| An artistís impression shows Earth (left), the new planet and the red dwarf star Gliese 581
New Delhi, April 25: Astronomers have discovered the first planet outside the solar system that could have liquid water and liveable temperatures —- a potential new spot to look for extraterrestrial life.
The planet, orbiting a red dwarf star named Gliese 581, is the first that appears to lie in a habitable zone — the region around a star where water is in its liquid form — a team of European astronomers has said.
The astronomers, who announced their finding today after submitting it to the journal Astronomy and Astrophysics, have estimated that the average temperature on the planet — which is about five times more massive than Earth — would be 0 to 40 degrees Celsius.
Like other exoplanets — orbiting other stars — the planet around Gliese 581 is too small and too far for direct observations or temperature measurements. The researchers detected its presence indirectly by tracking tiny changes in the velocity of its parent star in the constellation Libra.
“This planet will most probably be a very important target of future space missions dedicated to the search for extra-terrestrial life,” said Xavier Delfosse, a team member at Grenoble University in France.
“On the treasure map of the universe, one would be tempted to mark this planet with an X,” Delfosse said.
Gliese 581 is among the 100 stars closest to the solar system — only 20 light years away from Sun, but smaller and colder. Although astronomers have detected more than 220 exoplanets, most are gas giants that resemble Jupiter or Saturn.
Smaller planets are harder to find, but computer simulations of the formation of planets show that small planets are more likely to be rocky and hold water.
“Calculations show that small planets turn out to be rocky like Mars or Earth,” Xavier Bonfils, a team member at Lisbon University, Portugal, told The Telegraph. “During formation, small planets may accumulate water which — if still present — would be liquid in the temperature range we’ve estimated.”
The planet is so close to its star that it takes only 13 days to complete an orbit. The astronomers estimated the temperature using star-planet distance and assuming that the reflecting power of the planet is the same as that of Venus in the solar system.
“This finding suggests that planets may be fairly common in our galaxy,” Thierry Forveille, a Grenoble astronomer said. “Red dwarf stars of this type are the most common in our galaxy,” he said. Among the 100 stars closest to Sun, nearly 80 are red dwarfs.

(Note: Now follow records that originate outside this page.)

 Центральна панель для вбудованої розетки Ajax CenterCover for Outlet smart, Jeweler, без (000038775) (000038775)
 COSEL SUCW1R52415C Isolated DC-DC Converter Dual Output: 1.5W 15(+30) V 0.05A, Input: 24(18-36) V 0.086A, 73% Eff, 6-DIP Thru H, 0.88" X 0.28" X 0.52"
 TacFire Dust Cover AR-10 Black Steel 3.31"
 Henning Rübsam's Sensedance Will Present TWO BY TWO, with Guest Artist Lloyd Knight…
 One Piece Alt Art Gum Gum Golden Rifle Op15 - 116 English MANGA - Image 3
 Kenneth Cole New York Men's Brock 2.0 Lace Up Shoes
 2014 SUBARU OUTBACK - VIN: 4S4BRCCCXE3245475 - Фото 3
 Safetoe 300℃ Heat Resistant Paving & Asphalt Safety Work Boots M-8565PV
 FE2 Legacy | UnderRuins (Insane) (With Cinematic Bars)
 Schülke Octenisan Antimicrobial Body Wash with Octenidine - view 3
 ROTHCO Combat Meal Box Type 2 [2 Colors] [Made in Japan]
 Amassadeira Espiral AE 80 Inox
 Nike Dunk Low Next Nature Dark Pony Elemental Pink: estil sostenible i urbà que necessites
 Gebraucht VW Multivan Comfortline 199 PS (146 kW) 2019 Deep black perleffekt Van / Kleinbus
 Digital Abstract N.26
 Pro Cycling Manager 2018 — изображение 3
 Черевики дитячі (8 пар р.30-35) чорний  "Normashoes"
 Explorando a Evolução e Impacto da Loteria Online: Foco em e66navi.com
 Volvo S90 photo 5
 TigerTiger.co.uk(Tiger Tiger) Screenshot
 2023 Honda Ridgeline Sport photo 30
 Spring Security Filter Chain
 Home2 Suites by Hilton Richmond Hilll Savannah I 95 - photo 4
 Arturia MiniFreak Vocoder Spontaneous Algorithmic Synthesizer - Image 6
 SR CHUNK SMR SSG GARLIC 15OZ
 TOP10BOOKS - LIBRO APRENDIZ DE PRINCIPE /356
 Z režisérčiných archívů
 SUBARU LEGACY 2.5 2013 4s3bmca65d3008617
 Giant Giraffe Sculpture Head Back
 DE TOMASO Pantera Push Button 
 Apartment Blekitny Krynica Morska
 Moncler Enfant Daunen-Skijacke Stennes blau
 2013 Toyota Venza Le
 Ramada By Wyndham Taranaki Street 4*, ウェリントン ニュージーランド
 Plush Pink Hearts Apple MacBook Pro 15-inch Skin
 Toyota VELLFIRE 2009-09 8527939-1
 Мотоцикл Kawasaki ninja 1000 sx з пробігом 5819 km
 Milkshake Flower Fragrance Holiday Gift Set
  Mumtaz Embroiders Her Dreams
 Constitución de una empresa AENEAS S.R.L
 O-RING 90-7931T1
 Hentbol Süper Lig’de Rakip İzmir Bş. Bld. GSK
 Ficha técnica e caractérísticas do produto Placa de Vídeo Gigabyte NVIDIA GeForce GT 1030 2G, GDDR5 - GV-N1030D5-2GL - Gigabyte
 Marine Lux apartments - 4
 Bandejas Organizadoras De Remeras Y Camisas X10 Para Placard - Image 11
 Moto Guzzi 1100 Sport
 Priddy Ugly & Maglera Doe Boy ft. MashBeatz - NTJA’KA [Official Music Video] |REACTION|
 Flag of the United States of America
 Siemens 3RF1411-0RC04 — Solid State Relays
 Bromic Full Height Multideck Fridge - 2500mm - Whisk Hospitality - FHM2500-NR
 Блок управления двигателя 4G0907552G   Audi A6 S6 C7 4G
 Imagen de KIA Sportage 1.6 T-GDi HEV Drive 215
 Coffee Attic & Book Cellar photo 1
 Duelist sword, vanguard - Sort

The scientists now plan to look for transits of the planet across the face of its star. “There is a small chance that such a transit will occur, but if it does, we could measure the size of the planet,” said Forveille. “Our current size estimations are based on computer models — not measurements.”
The scientists detected the Super Earth by observing the change in the velocity of the parent star typically caused by orbiting planets with the help of an instrument called HARPS located in an observatory perched high in the mountains of Chile.
The velocity change method has been used to detect at least 200 of the 220 planets discovered outside the solar system. “HARPS is the most precise instrument in the world to measure the velocity change and has helped detect 11 of the 13 planets with masses within 20 Earth masses,” Stephane Udry, an astronomer at Geneva Observatory, said.
Two years ago, Udry and his colleagues had detected a planet with the mass of Neptune around the same star. Their new finding adds two planets — the five Earth mass planet in the habitable zone and an eight Earth mass planet further away.
Astronomers cautioned that the estimation of temperature on the planet was based on unproven assumptions and that the idea of liquid water is mere speculation.
“The atmosphere of a planet is absolutely crucial to determine its surface temperature and we know nothing about its atmosphere,” Eugene Chiang at the University of California, Berkeley, told The Telegraph.
The standard way to study the atmosphere would be to examine the feeble emissions of light from a planet. “But we don’t have technology yet to study emissions from so far away,” Chiang said. “But when technology becomes available — perhaps in about 20 years — this planet would be one of our first targets.”